▶ **To do**: Images do not belong in the copy. Retype all the entries below exactly.

▶ **Data for analysis**:
########
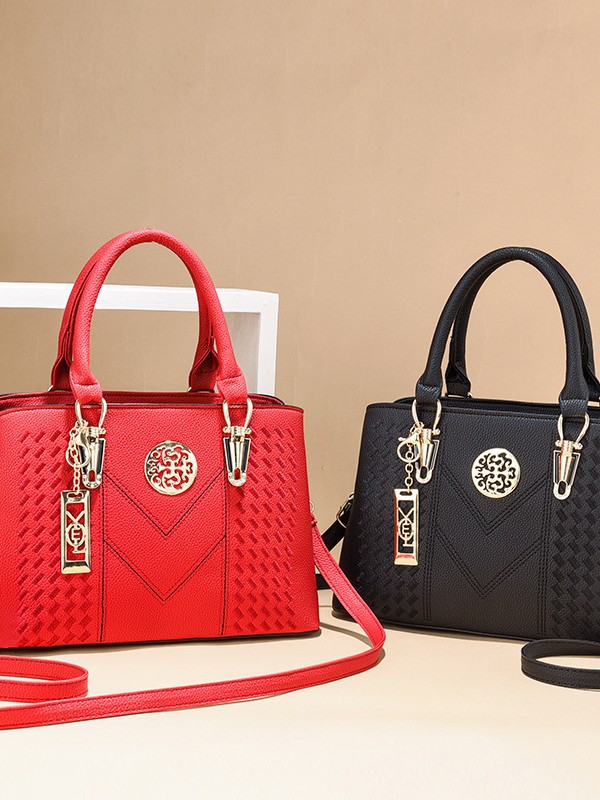 Mamá bolso especial 2024, nuevo estilo de atmósfera extranjera, bolso de mujer de alta calidad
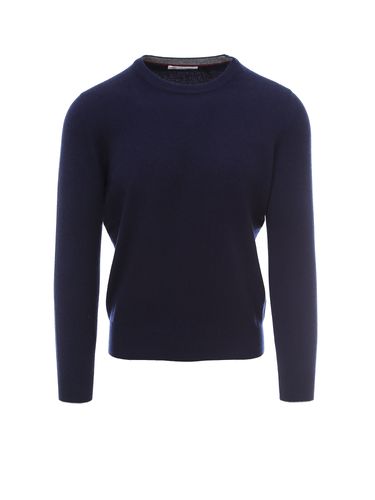 Brunello Cucinelli Sweater - Brunello Cucinelli - Modalova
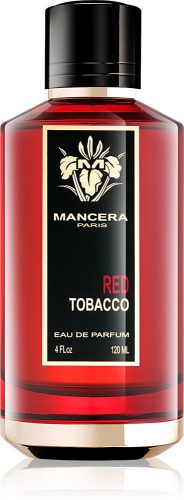 Mancera Red Tobacco (120 ML) Eau de Parfum Teszter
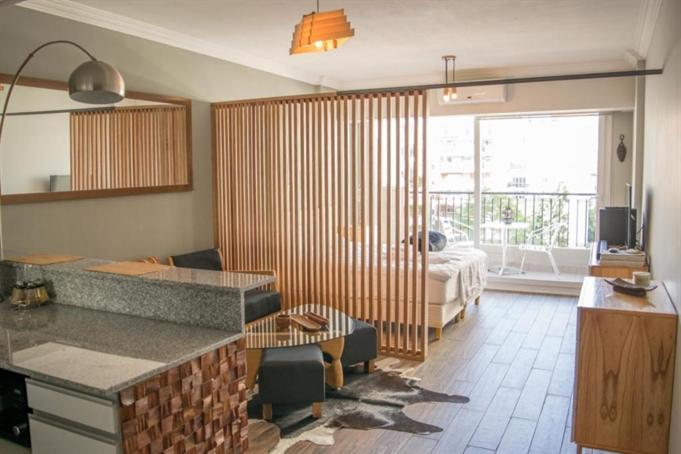 Apartamento En Recoleta Apartment Buenos Aires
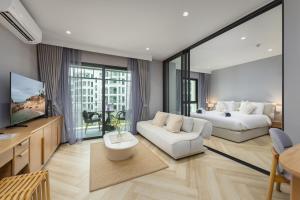 The Title Legendary Bang-Tao Garden Harmony I-406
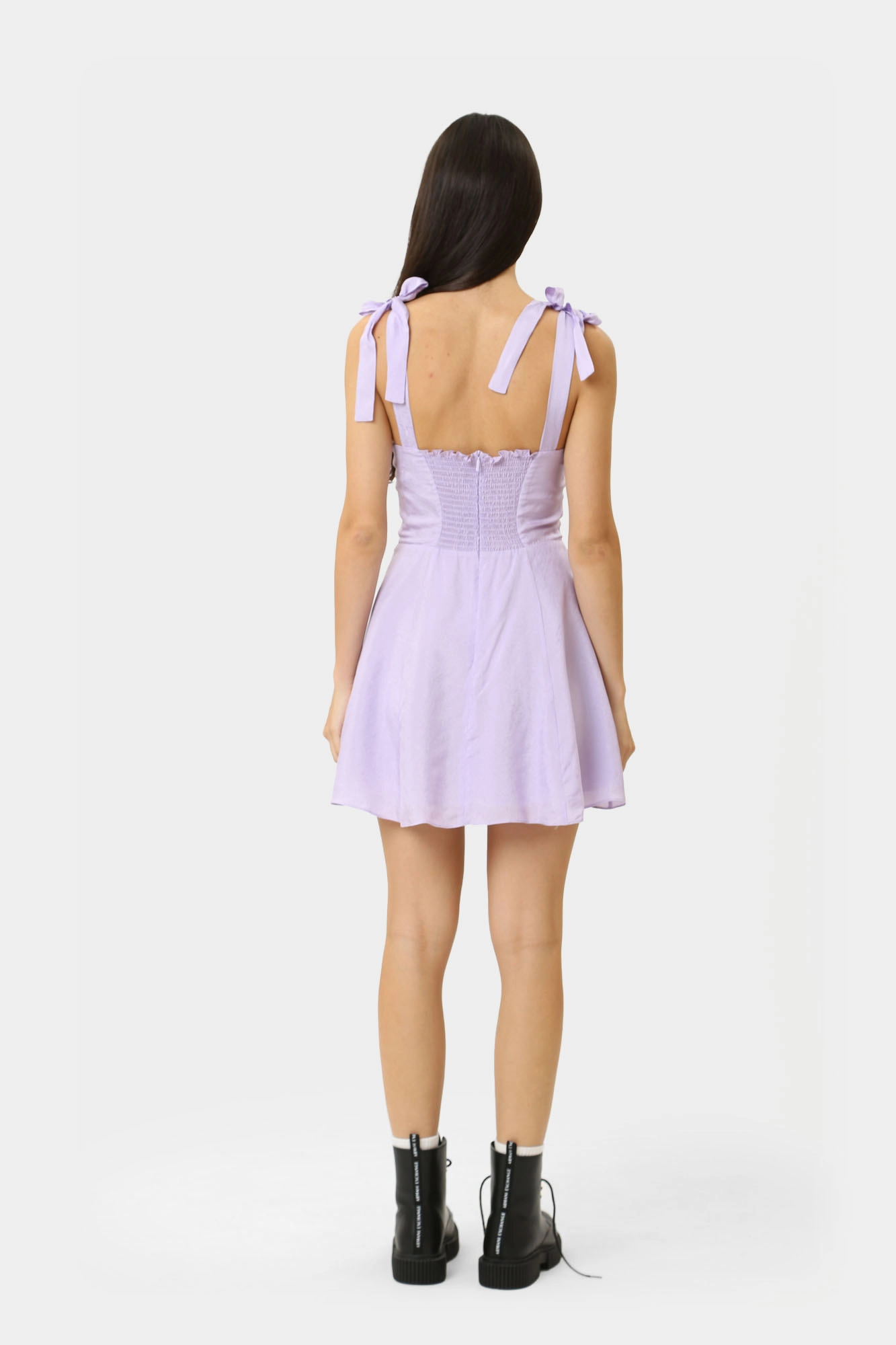3DYA38_YN9RZ_1354 платье armani exchange 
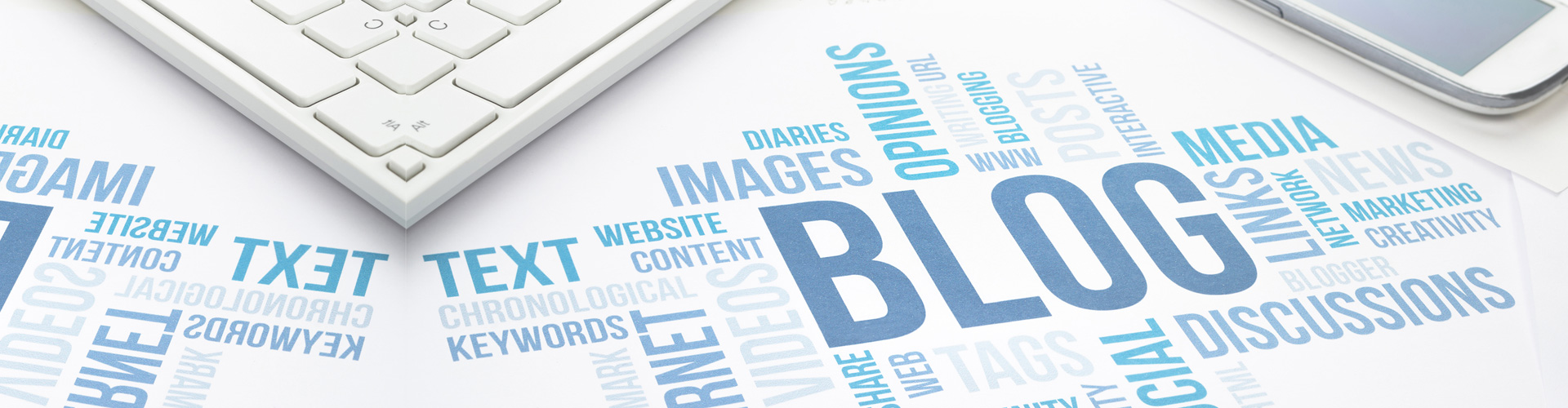 AMO - Blogs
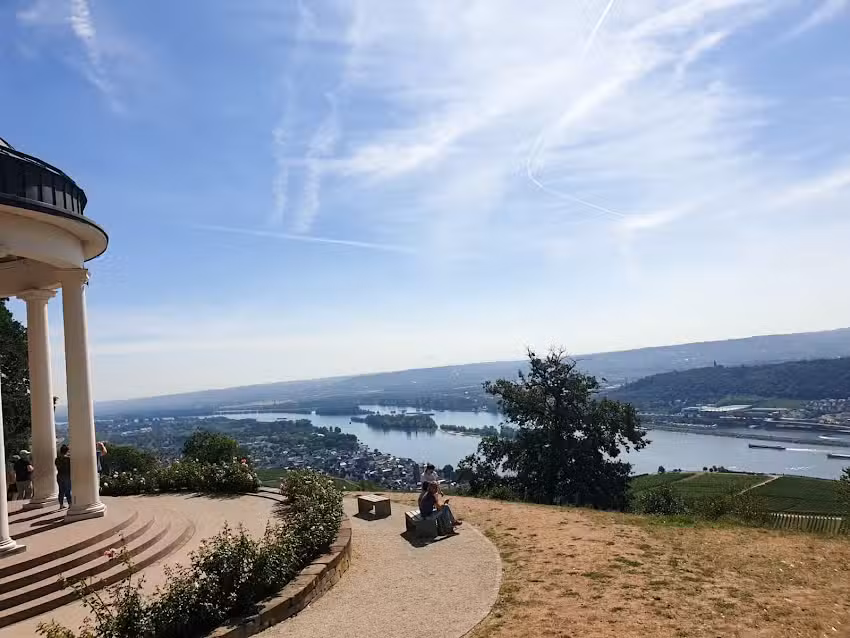 feworieslingfreunde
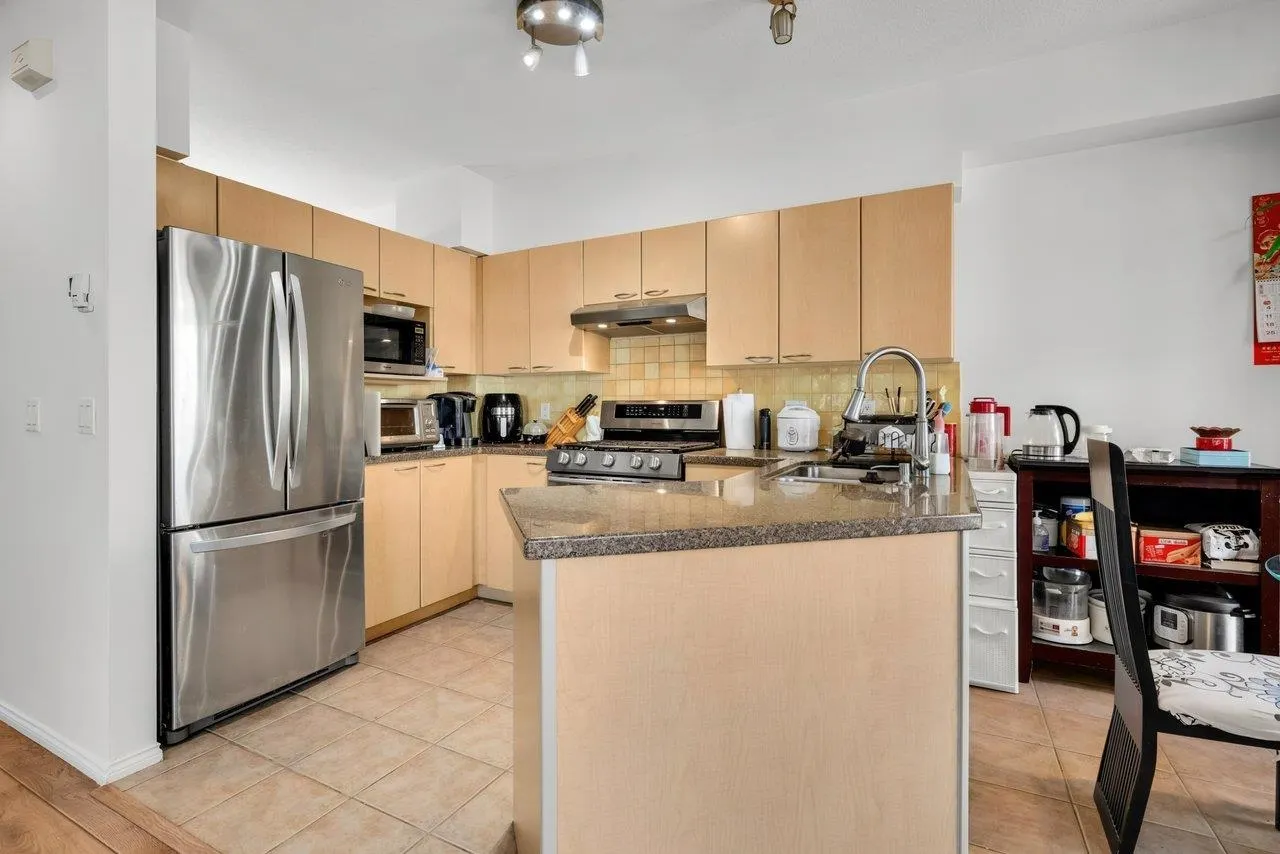 3711 Robson Court #19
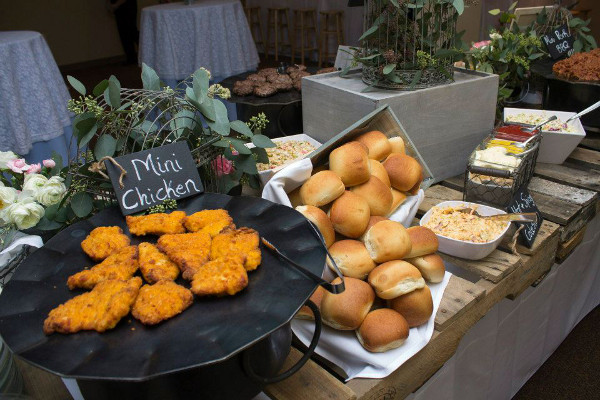 Fall Food Trends
 Top Wedding Catering Trends for Fall 2013 The Pink Bride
########
▶ **Answer space**:
 Mamá bolso especial 2024, nuevo estilo de atmósfera extranjera, bolso de mujer de alta calidad
 Brunello Cucinelli Sweater - Brunello Cucinelli - Modalova
 Mancera Red Tobacco (120 ML) Eau de Parfum Teszter
 Apartamento En Recoleta Apartment Buenos Aires
 The Title Legendary Bang-Tao Garden Harmony I-406
3DYA38_YN9RZ_1354 платье armani exchange 
 AMO - Blogs
 feworieslingfreunde
 3711 Robson Court #19
 Fall Food Trends
 Top Wedding Catering Trends for Fall 2013 The Pink Bride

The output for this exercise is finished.